**The task**
Omit all pictures, and print word for word only the lines from the one containing "An opal, diamond, and" through the end of the data.

Input Start Marker

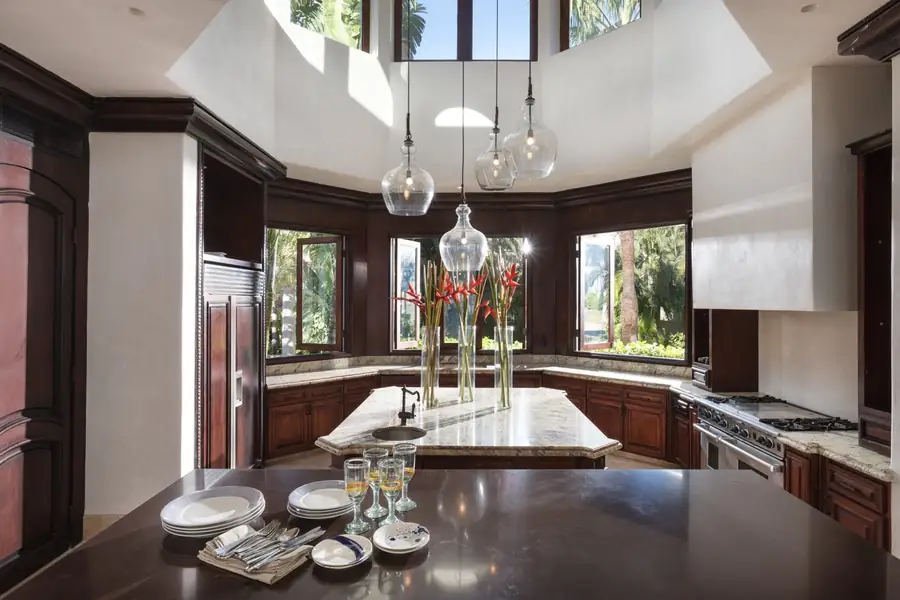 The kitchen at Casa La Vida with a central island under glass pendant lights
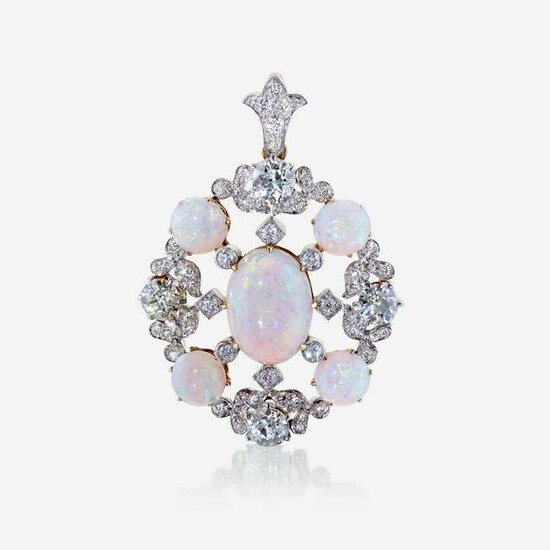 An opal, diamond, and eighteen karat gold pendant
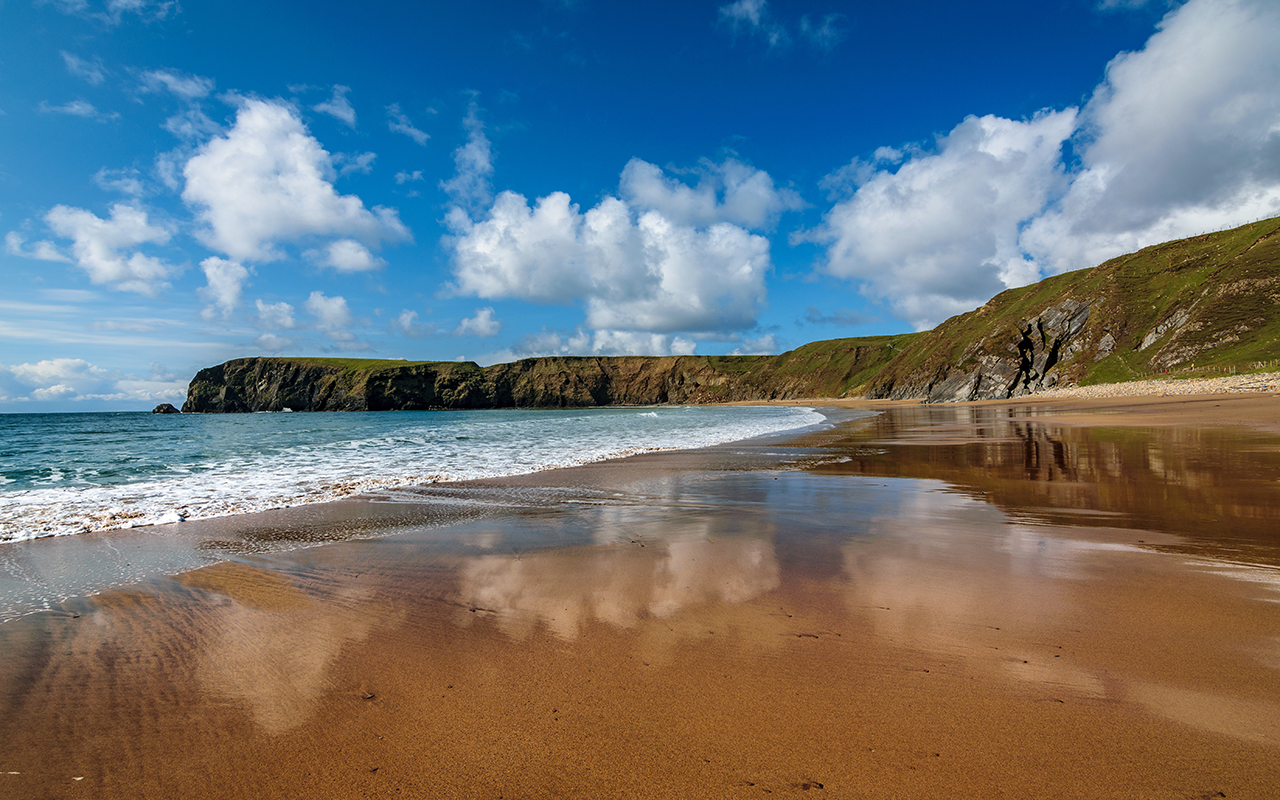 Slow shutter exposure of the Silver Strand, a horse-shoe shaped beach situated at Malin Beg, near Glencolmcille, in south-west County Donegal, Ireland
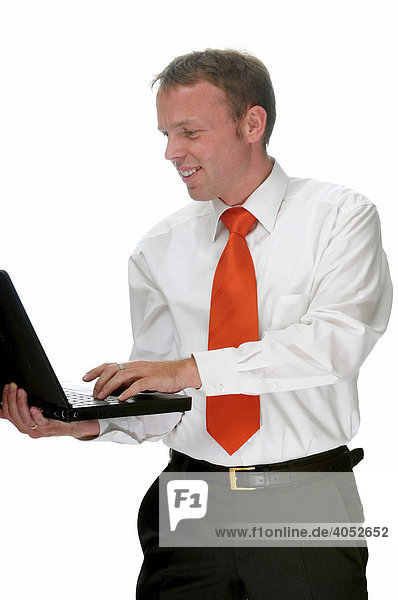 Geschäftsmann mit Hemd und roter Krawatte arbeitet am Laptop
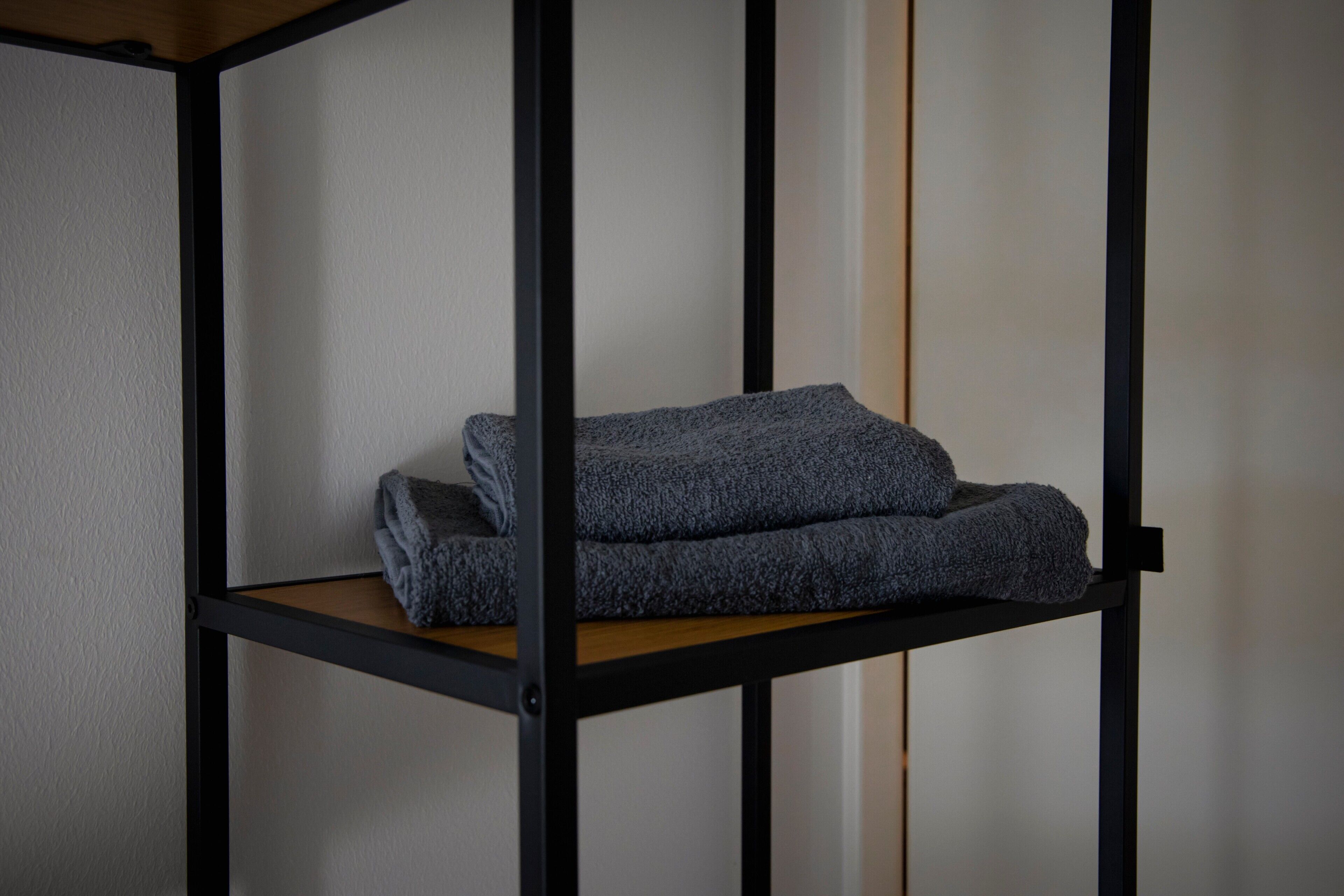 A bunk bed with a wooden platform and black metal frame.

Input End Marker

**Task solution**
 An opal, diamond, and eighteen karat gold pendant
 Slow shutter exposure of the Silver Strand, a horse-shoe shaped beach situated at Malin Beg, near Glencolmcille, in south-west County Donegal, Ireland
 Geschäftsmann mit Hemd und roter Krawatte arbeitet am Laptop
 A bunk bed with a wooden platform and black metal frame.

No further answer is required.